So far, we have implicitly assumed that all calculations are performed by a single processor. We can speed up our code significantly if it is possible to somehow split the problem into smaller chunks, each of which is solved by a different processor in parallel. In theory, running the code on $P$ processors would then make it $P$ times faster. Modern supercomputers have millions of compute cores and can perform more than $10^{18}$ floating point operations per second (this is also known as one ExaFLOP of performance). Recall that we estimated that our computer can do $R=6.3\cdot 10^{10}$ FLOPs per second, so an exascale is several million times faster! Have a look at the top500 list of supercomputers, which is updated twice a year and ranks the fastest computers across the world.

Even desktop computers and mobile phones now typically have multiple processing units, so it is imperative to exploit this additional computing power in our implementation.

Example: domain decomposition

To explain one possible approach to parallelising our code across multiple processor, consider a weather forecast for the UK. Assume that we have covered the computational domain with a finite element mesh, as shown schematically in Figure 25 (of course, the real mesh would be much finer). The mesh is distributed between four processors indicated by different colours. Each processor will solve the equations of atmospheric fluid dynamics in parallel in its own local domain. Since each of these subdomains is only about a quarter of the size of the global domain, we would expect the code to be approximately four times faster.

Figure 25: Partitioned mesh of a rectangular domain covering the UK

However, there is a problem: the computations in the different subdomains are not independent. For example, the boundary conditions for the “red” domain will depend on the computations in all other three subdomains and vice versa. This means that the processors will have to exchange interformation at regular intervals. For example, the “yellow”, “blue” and “green” processors might send the information they have computed in the triangles that border the “red” domain, which would then allow the “red” processor to continue with its work.

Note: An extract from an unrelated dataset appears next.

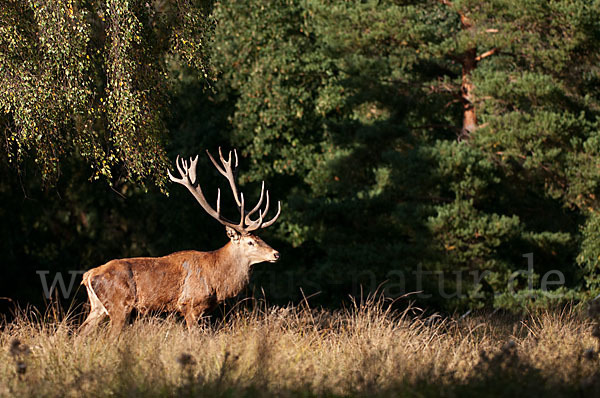 Rotwild (Cervus elaphus)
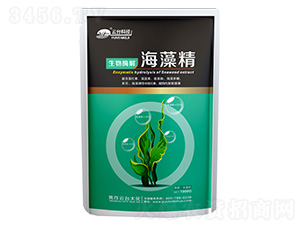 ���徫-���_��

Distributed memory parallelism

Conceptually, we end up with the following approach to parallelisation:

Each processor “owns” a local part of the global problem: it stores local data and performs computations on it
The processors communicate by exchanging messages

Clearly we need to adapt the algorithms we have encountered so far to account for this. Mathematically, the technique of sub-dividing the domain into several sub-domains is also known as domain-decomposition and developing algorithms based on this idea is an active area of research. Computationally, the approach is known as distributed memory parallelisation, since the global problem is distributed between the processors, each of which stores only its local part of the problem in memory. This means that much larger problems can be solved.

Message passing interface

To implement the exchange of messages in our code, we can use the Message Passing Interface (MPI), which is implemented as mpi4py in Python. This provides a set of routines that can be used to send and receive messages between processes.

Here is a simple Python code, which shows how to send an array called data from processor 0 to processor 1:

import numpy as np
from mpi4py import MPI

# global communicator
comm = MPI.COMM_WORLD
# work out rank
rank = comm.Get_rank()

# initialise data
data = np.zeros(4, dtype=int)
data[:] = rank + 1

print(f"BEFORE: rank {rank} has data", data)

# exchange data
if rank == 0:
    comm.Send(data, 1)
else:
    comm.Recv(data, source=0)

print(f"AFTER: rank {rank} has data", data)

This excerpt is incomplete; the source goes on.